Manila. The city that never sleeps. As we drove in from the airport after midnight there was still much activity for a Friday night. Traffic looked like Buckhead rush hour, young children walked the streets alone, and plenty of establishments were still open well into the night. Upon arriving at KKFI everyone was a little too awake to find sleep immediately. The constant car honking, dog barking, and the 4:00 am rock band playing nearby didn’t help. 

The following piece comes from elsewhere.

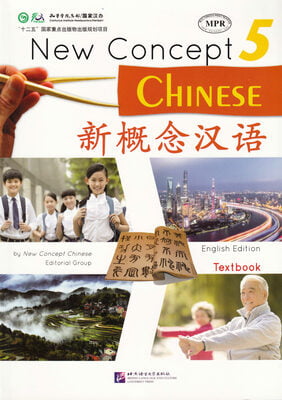 New Concept Chinese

So after what felt like a quick nap, it was morning. Our crew consists of 17 students, one professor, one pastor, and two laity from North Georgia. After breakfast David lead us on a walking tour of the city to point out the basics we’ll need during our time here as well as some points of interest…laundry, ATM, Jollibee fast food, and the University of Santo Tomas, which has a huge wall wrapped around the entire campus and guards at each entrance gate. As we passed by street vendors, we saw three and four-year olds watching their newborn siblings while the parents sold drinks and snacks. Children here, especially the females, quickly become caretakers. The oldest sibling is called Ate (Ah-tay) meaning “Aunt,” and has many responsibilities in the family. We walked past a hog dealer, with a truck full of live pigs in the back, on its way to make a sale. Then an ambulance with siren wailing caught our attention when the back was filled with abundant passengers leaning out the window and waving. It turns out they were leading the parade of the Festival of the Black Nazarene. Truck after truck, decked out with flowers and decorations, 30+ people and a giant statue of a black Jesus carrying a cross on his back, sped by with an air of celebration. 

The LaGrange students got a taste of the culture as we adjusted to our new environment, time zone (13 hours ahead), and January heat. With a high of 88 today, it’s a different world from the snow day that Atlanta is preparing for back home. Later today we’ll get an introduction to KKFI, start prepping for our work projects, and experience more of the culture. It’s a good start.